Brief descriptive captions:
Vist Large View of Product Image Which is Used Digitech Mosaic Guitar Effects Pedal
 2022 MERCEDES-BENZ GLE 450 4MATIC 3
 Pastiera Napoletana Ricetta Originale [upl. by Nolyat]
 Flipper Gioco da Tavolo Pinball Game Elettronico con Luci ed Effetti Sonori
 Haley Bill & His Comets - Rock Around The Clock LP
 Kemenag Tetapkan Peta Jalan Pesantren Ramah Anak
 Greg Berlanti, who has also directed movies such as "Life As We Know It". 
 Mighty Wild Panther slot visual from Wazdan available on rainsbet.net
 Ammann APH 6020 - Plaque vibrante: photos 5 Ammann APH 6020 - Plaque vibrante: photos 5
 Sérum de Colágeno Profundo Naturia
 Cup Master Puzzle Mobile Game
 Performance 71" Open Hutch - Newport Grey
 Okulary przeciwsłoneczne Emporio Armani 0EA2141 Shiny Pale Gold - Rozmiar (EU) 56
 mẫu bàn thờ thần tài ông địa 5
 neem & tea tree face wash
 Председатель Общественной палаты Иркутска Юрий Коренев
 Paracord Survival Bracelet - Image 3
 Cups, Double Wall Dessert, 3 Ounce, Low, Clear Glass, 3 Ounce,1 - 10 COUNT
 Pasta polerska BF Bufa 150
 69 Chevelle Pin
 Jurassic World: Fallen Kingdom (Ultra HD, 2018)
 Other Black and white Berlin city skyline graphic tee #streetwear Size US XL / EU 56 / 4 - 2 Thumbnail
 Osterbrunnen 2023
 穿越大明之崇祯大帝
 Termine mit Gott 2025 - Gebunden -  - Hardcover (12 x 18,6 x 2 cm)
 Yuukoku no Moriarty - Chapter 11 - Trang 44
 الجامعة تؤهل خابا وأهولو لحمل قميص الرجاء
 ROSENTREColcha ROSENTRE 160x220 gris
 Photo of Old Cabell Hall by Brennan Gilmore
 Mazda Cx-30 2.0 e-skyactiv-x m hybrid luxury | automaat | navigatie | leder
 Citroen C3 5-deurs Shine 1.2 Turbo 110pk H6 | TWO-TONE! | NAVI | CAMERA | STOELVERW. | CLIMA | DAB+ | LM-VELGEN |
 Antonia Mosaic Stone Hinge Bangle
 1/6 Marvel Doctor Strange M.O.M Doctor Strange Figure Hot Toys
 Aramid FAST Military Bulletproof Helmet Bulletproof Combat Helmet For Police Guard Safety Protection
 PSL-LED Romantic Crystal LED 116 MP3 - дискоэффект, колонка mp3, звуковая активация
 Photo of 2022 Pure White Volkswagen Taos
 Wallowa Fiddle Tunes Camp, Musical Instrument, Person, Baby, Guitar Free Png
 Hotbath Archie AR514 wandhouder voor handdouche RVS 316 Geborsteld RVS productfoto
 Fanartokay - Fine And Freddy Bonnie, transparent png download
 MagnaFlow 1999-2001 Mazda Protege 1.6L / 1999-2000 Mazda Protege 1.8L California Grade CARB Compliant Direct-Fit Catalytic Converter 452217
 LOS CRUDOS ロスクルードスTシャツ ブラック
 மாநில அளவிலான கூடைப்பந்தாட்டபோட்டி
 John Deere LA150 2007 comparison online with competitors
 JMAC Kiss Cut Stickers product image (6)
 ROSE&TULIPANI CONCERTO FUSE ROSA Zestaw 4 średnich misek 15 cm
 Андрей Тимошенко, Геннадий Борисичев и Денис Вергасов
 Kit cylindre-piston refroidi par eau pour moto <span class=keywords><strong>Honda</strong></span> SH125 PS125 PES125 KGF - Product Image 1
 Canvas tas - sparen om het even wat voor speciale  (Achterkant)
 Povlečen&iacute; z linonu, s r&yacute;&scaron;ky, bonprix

THE PROBLEM: Looking at the data above, count the lines that contain the string "Mazda" and give only the count.

ANSWER SPACE: 2